• **RAW DATA**
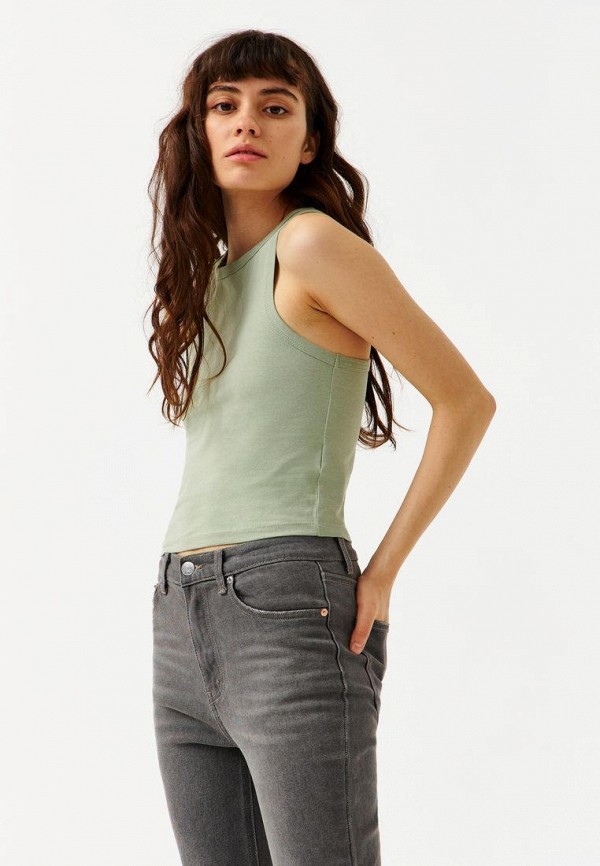 фото Майка befree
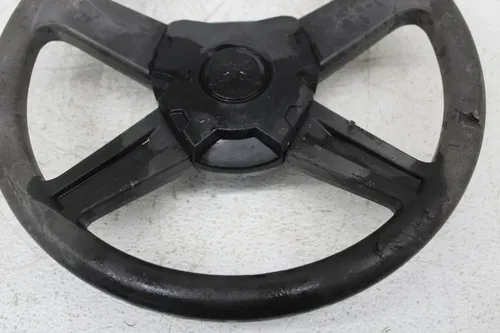 2016 YAMAHA VIKING 700 YXM700DH 4X4 FI STEERING WHEEL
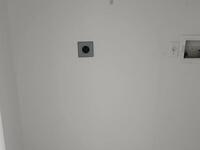 1058 Lava Street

• **DIRECTIONS FOR THIS TASK**
From the first line to the last, return the material above exactly, apart from the pictures.

• **ANSWER TO THIS EXERCISE**
 фото Майка befree
 2016 YAMAHA VIKING 700 YXM700DH 4X4 FI STEERING WHEEL
 1058 Lava Street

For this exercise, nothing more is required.